Time for a big one. And not just in terms of price, but the shear scale of this car. I was surprised when Rolls Royce announced they were building an SUV because if didn’t quite seem to make sense for the brand, but then I’ve thought that before and been proven wrong, so when I was invited to a test drive event, I went with an open mind.
Firstly, I should highlight that this article isn’t headed with a price – partly because I had no indication of how much the model I drove was, and partly because it’s not as simple as taking the list price and adding the extras. You see, you don’t order a Rolls Royce; you commission it. They don’t come with a list of options, you tell Rolls Royce what you’d like – and they build it.
That said, they start at £264,000, so it’s safe to assume that this press demonstrator was probably close to £400,000, but once you’ve passed a quarter of a million you kind of stop counting!
But on to the car… can Rolls Royce, the maker that bought us the true definition of luxury, handle the concept of driving off road? This is a manufacturer that includes decanters and champagne flutes in its vehicles for the incredibly discerning owners – surely one cannot sip a glass of bubbly while ‘Parker’ negotiates the Cotswolds’ green lanes?
Actually, with the pillow-like suspension as good as it is, I suspect you could. But I also think this is a Rolls that will be driven more by its owner than a chauffeur, so that’s probably not so relevant. On to the design elements…
What do you get for a quarter of a million in terms of refinements and gadgets? Put simply: a lot, so I’m going to pick up on a few of the more unusual. Let’s start with the doors – they entirely encase the door sills, so the sills stay clean and dry even through the worst the muddy, wet English countryside can throw at it, so when you reach your destination and open the door, there’s no risk of getting mud on your trousers as you get out. Nice touch.
What if it’s raining when you get out? There are umbrellas housed in the door frame – and the holster for the umbrella is heated so that if you put it back in still wet, the warm air wafting over it will dry it before you have to use it again.

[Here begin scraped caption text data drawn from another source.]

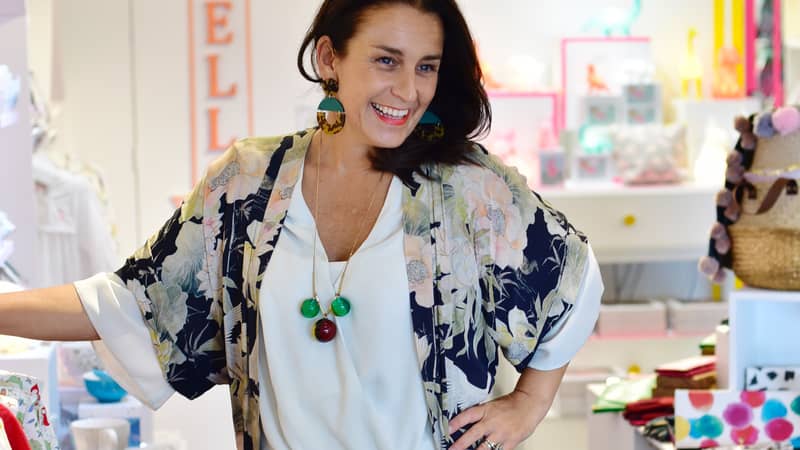 Kate, the owner of Bluebelle & Co, who has created her beautiful shop into a destination shopping space in Brighton's North Laine!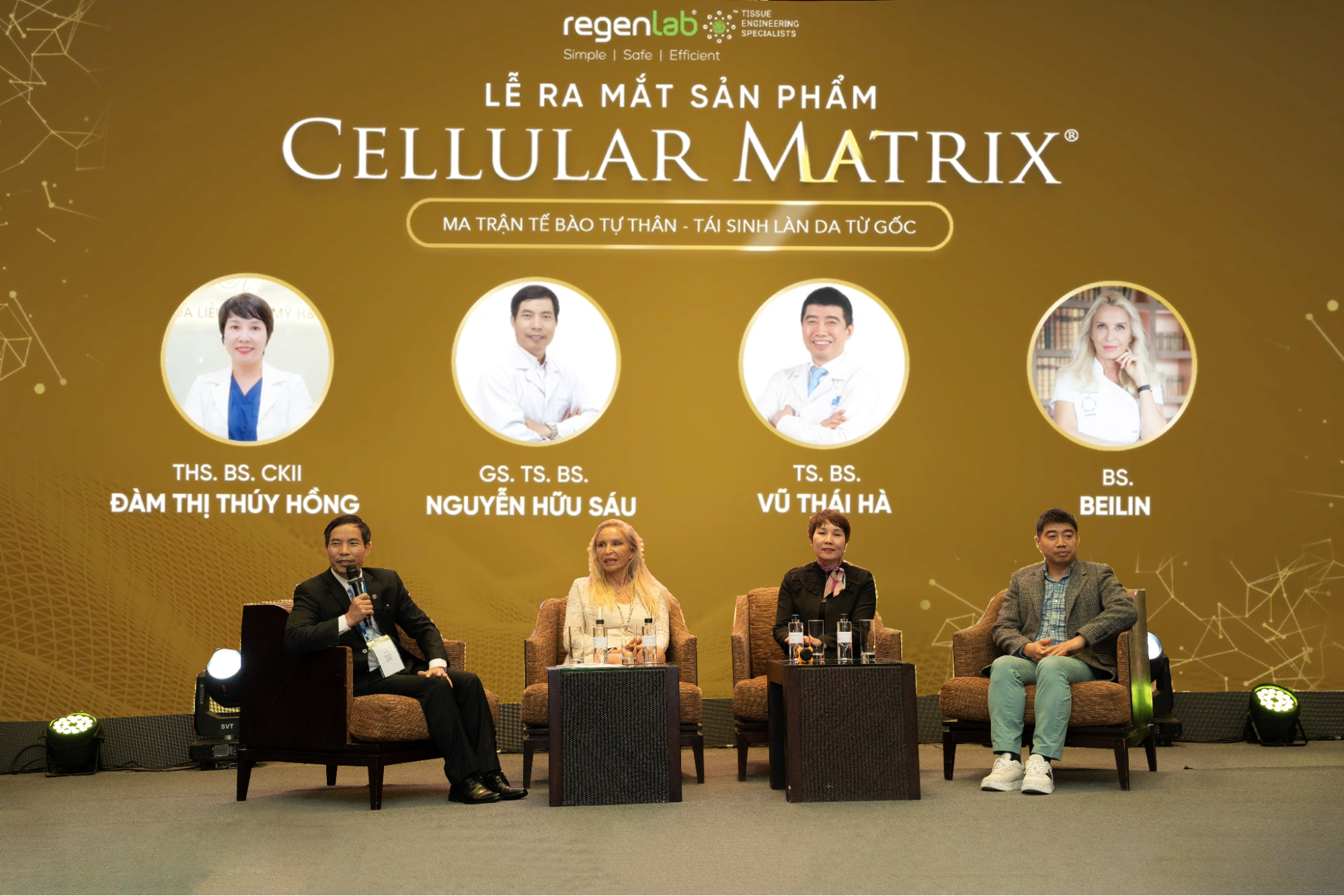 Cellular Matrix chính thức ra mắt tại Việt Nam – Đột phá trong công nghệ tái tạo da và y học tự thân- Ảnh 3.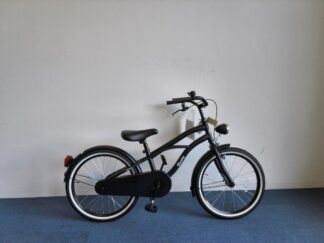 Nogan harly Jongens zwart mat 33cm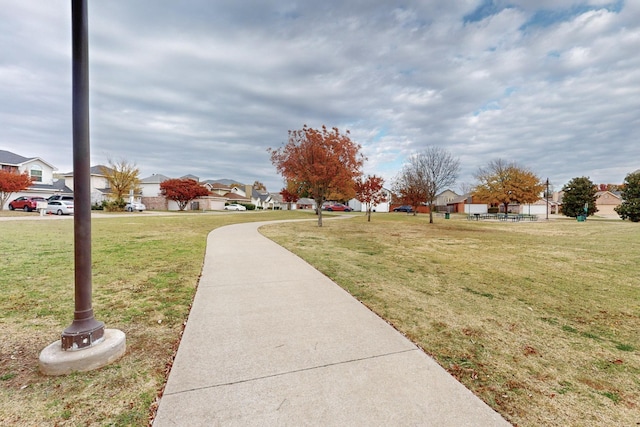 827 Astaire Ave, Duncanville, TX 75137 - view of home's community with a residential view and a lawn
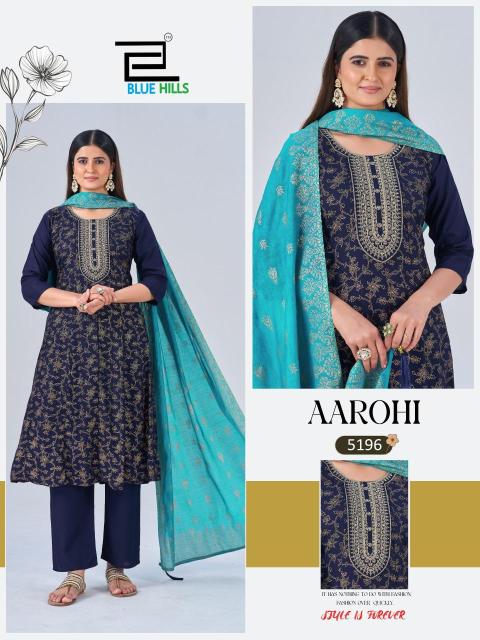 Blue hills aarohi Latest kurti designs
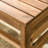 Jimena Rectangular Acacia Solid Wood Outdoor Coffee Table , 42 " W 20 " D-649587547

One other thing that I’ll mention is the gearbox, which is connected to the sat nav. Seems odd? It’s so that the automatic gearbox ‘knows’ if there’s a hill coming up and can change gear before the engine is required to waft the car up the incline, ensuring the smoothest of rides for the driver and occupants. Overkill? Perhaps, but also something I’d expect from the designers at Rolls Royce.
Overall I was impressed with the Cullinan. Yes, it’s huge, yes it’s powerful – the 6.7 litre V12 delivers around 560bhp – but when you’re driving it, it doesn’t seem massive. Large, but manageable – even on narrow Cotswolds b-roads.
So luxurious, powerful, massive and deceptively quiet. But that price tag is immense, and I’m not convinced you get any more for your money than you would from a Range Rover… other than the prestige, and you get a lot of that from the Cullinan.